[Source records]
══════════════════════════════

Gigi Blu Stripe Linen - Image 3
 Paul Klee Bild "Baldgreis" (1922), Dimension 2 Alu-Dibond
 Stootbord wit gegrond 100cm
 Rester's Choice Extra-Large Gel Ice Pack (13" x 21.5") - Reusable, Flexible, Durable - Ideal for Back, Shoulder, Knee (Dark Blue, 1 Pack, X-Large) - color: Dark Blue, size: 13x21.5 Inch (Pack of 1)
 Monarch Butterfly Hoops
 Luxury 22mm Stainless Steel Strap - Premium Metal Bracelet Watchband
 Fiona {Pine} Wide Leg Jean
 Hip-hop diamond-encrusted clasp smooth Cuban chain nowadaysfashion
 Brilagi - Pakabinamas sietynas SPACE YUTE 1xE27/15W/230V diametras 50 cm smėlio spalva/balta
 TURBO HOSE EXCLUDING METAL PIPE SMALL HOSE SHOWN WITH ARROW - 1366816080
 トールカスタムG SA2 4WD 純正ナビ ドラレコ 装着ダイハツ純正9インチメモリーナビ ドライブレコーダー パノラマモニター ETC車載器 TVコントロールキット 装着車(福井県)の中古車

══════════════════════════════

### GOAL OF THE EXERCISE:
Your reply should consist of all the records, restated exactly.

### COMPLETED EXERCISE:
Gigi Blu Stripe Linen - Image 3
 Paul Klee Bild "Baldgreis" (1922), Dimension 2 Alu-Dibond
 Stootbord wit gegrond 100cm
 Rester's Choice Extra-Large Gel Ice Pack (13" x 21.5") - Reusable, Flexible, Durable - Ideal for Back, Shoulder, Knee (Dark Blue, 1 Pack, X-Large) - color: Dark Blue, size: 13x21.5 Inch (Pack of 1)
 Monarch Butterfly Hoops
 Luxury 22mm Stainless Steel Strap - Premium Metal Bracelet Watchband
 Fiona {Pine} Wide Leg Jean
 Hip-hop diamond-encrusted clasp smooth Cuban chain nowadaysfashion
 Brilagi - Pakabinamas sietynas SPACE YUTE 1xE27/15W/230V diametras 50 cm smėlio spalva/balta
 TURBO HOSE EXCLUDING METAL PIPE SMALL HOSE SHOWN WITH ARROW - 1366816080
 トールカスタムG SA2 4WD 純正ナビ ドラレコ 装着ダイハツ純正9インチメモリーナビ ドライブレコーダー パノラマモニター ETC車載器 TVコントロールキット 装着車(福井県)の中古車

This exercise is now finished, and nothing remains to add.